Individual higher education campus leaders, including at the University of Tennessee at Chattanooga and Chattanooga State, will determine whether JLL will save them money. State govermental agencies, however, will have no choice.

While the contract calls for JLL or its two subcontractors to hire existing state workers and offer a comparable benefits package, both the United Campus Workers union and the Tennessee State Employees Association remain highly skeptical.

Nearly a third of the General Assembly - 42 senators and representatives - signed a letter sent last week to Haslam's outsourcing czar, Terry Cowles, calling on a halt to the plan to give them more time to study it.

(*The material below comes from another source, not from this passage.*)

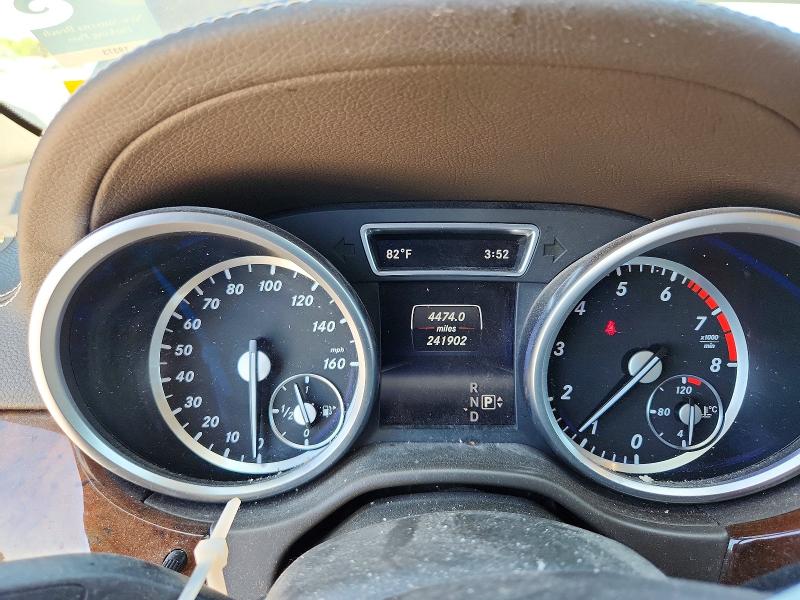 Aukcja sprzedaży 2015 Mercedes-benz Ml, vin: 4JGDA5GB0FA532477, numer aukcji: 49157906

Only one Hamilton County lawmaker, Rep. JoAnne Favors, D-Chattanooga, signed it. Meanwhile, 17 lawmakers have requested economic impact statements for their districts. The administration says it's working on it.

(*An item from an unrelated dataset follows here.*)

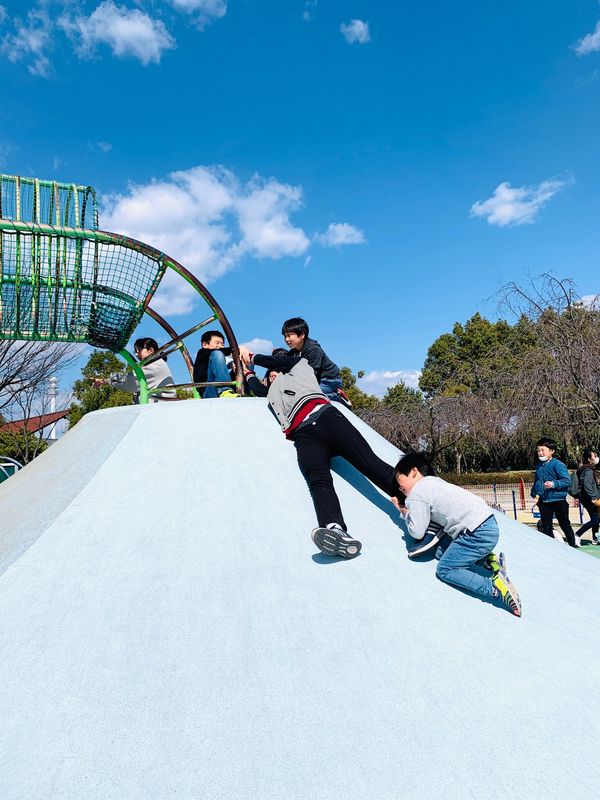 日本・大府市「健康の森」の写真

The administration says is up to 3,000 state workers in facilities management, energy management, janitorial and grounds keeping services would be involved in the JLL bid.

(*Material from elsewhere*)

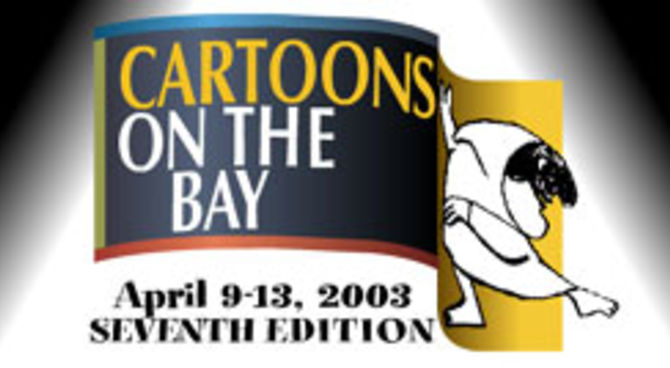 Cartoons on the bay 2003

JLL won the contract to manage facilities services across most many large state buildings across Tennessee in 2013, through a series of SBC-approved contract expansions that began with a consulting contract.

The administration says the company has saved taxpayers millions of dollars, but critics ask at what cost. In the original contract, JLL did not hire dozens of workers.

Speaking with reporters on Thursday, Chief Procurement Officer Mike Perry said the administration learned lessons from that and imposed new rules in the new contract, awarded to JLL over two other firms last Friday.

The negotiating process is a twist on standard bidding and is known as vested contracting In it, the state and interested companies engage in a lengthy back and forth process before a finalist is selected following a lengthy process known as vested contracting.

It's the brainchild of the state's highly paid consultant Mike Ledyard, who has taught at UT-Knoxville and is now using Tennessee as Exhibit 1 to to push the idea nationwide.

Perry and others say it's already saved Tennessee millions of dollars.